People often get into unnecessary and costly disputes when ending a franchise agreement.  How can you reduce the chances of this happening?  Don’t end it prematurely. The franchisee has no right to end a franchise agreement unless the agreement includes an express right for the franchisee to do so – this is very uncommon. Think carefully about whether you want to end it prematurely, because if you are released, you will most likely be required to pay an exit fee or you can be sued for damages. The franchisee cannot generally transfer its rights or sell the franchise business without the consent of the franchisor. Use the cooling-off period. Under the Franchising Code of Conduct you have two cooling off periods which allow you to:

  • End within 7 days of entering into your franchise agreement; or
  • End within 7 days of making a payment under your franchise agreement (the cooling off right).

Consider the Costs of Selling your Franchised Business. The circumstances under which you can sell your franchised business back to the franchisor or someone else will be all written down in the franchise agreement.  In some cases you may have to pay a franchise fee.

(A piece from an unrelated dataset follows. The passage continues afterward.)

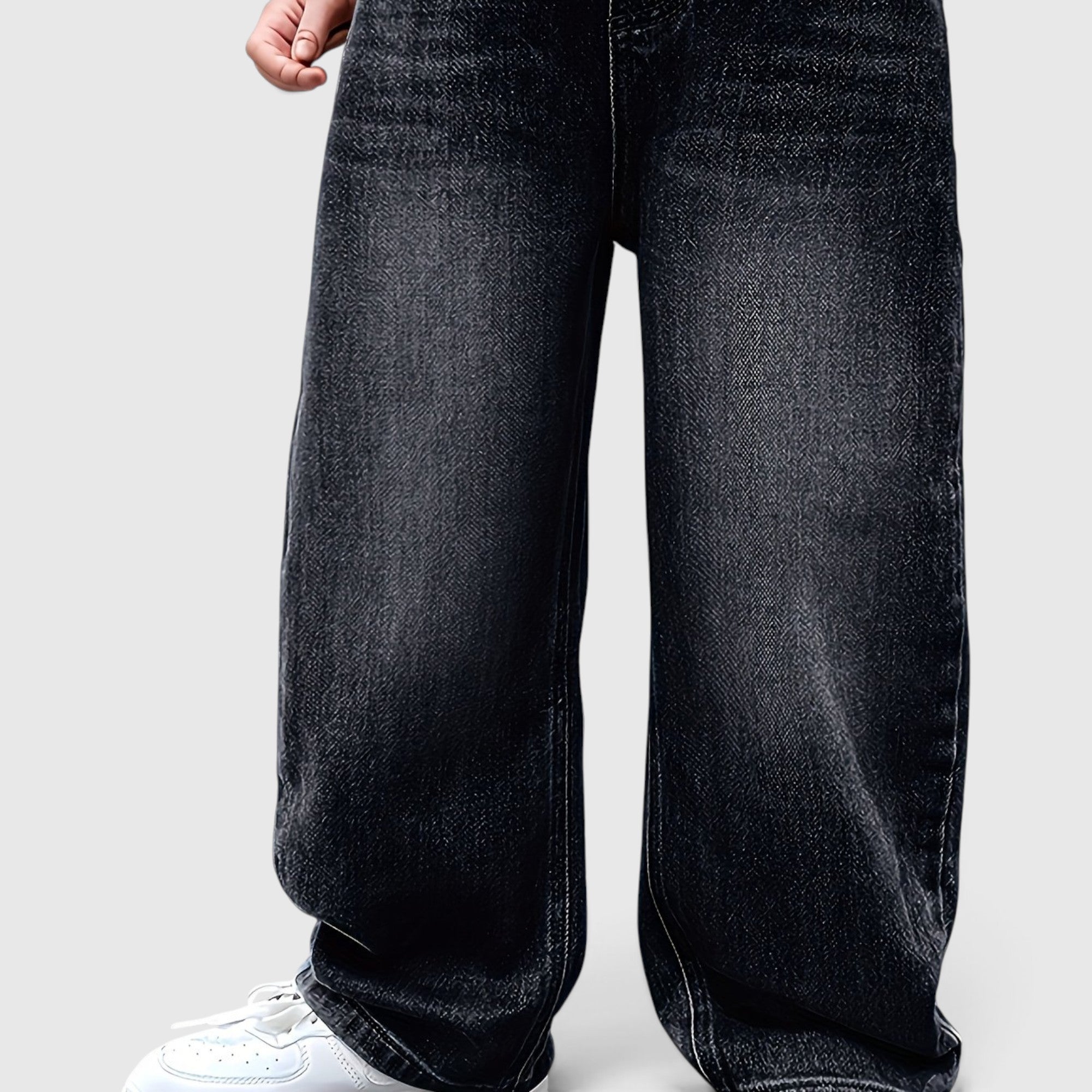 Ivan | Boys' Baggy Faux Denim Pants Comfortable Casual Trousers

Don’t Breach the Franchise Agreement A franchisor may end the franchise agreement if the franchisee has clearly breached the franchise agreement.  The franchisor cannot, however, just automatically pull the pin. Under the Franchising Code of Conduct the franchisor are required to:

  • tell you the specific details of the breach and how it can be remedied;
  • give you time to remedy the breach; and
  • give reasonable notice that the franchisor intends to terminate the franchise agreement if the breach is not remedied.

Hence, it is very important for you to communicate clearly with the franchisor if something goes wrong. Sometimes the franchisor can end the agreement without notice. Under the Franchising Code of Conduct, a franchisor does not have to provide notice and can end the agreement early if the franchisee:

  • no longer holds a franchise license;
  • becomes bankrupt or insolvent;
  • abandons the franchised business or the franchise relationship;
  • operates their business in a way which endangers public health or safety;
  • is found to be fraudulent in connection with the operation of the franchised business; or
  • agrees to end the franchise agreement.

Liquidation does not necessarily end the agreement. If the franchisor is experiencing financial troubles and goes into liquidation, a liquidator will take control of the company.  The liquidator then assumes the rights of the franchisor and can enforce the franchise agreement. The franchisee must still pay royalties and cannot prematurely end the agreement. A new owner doesn’t change a thing. You don’t get any new termination rights just because the franchisor has sold its rights to a third party.  This simply means you are now contractually bound to this new party. If you are continuing the business outside of the franchise, you need to take down any signage, paint colours, uniforms or other trademarks from the franchise.  The consequences of not doing so can be serious. What does the franchise agreement say about who owns the customer lists?  If it doesn’t say anything, don’t assume you can’t keep them.  Be wary of ‘solicitation clauses’ which may state you are unable to solicit former customers if you drop out of the franchise. Is there a restraint of trade clause? If the franchise agreement contains a restraint of trade clause this might prevent you from operating your business at the same location under a new name.  You may get around this by arguing the clause was not necessary to prevent any new franchisee being disadvantaged if they were setting-up in the same area. Be clear about what is happening with the assets. Before the franchise agreement is signed the franchisor is required to tell you what will happen to any assets you have been required to purchase.  If this hasn’t happened you should seek legal advice from a franchise lawyer.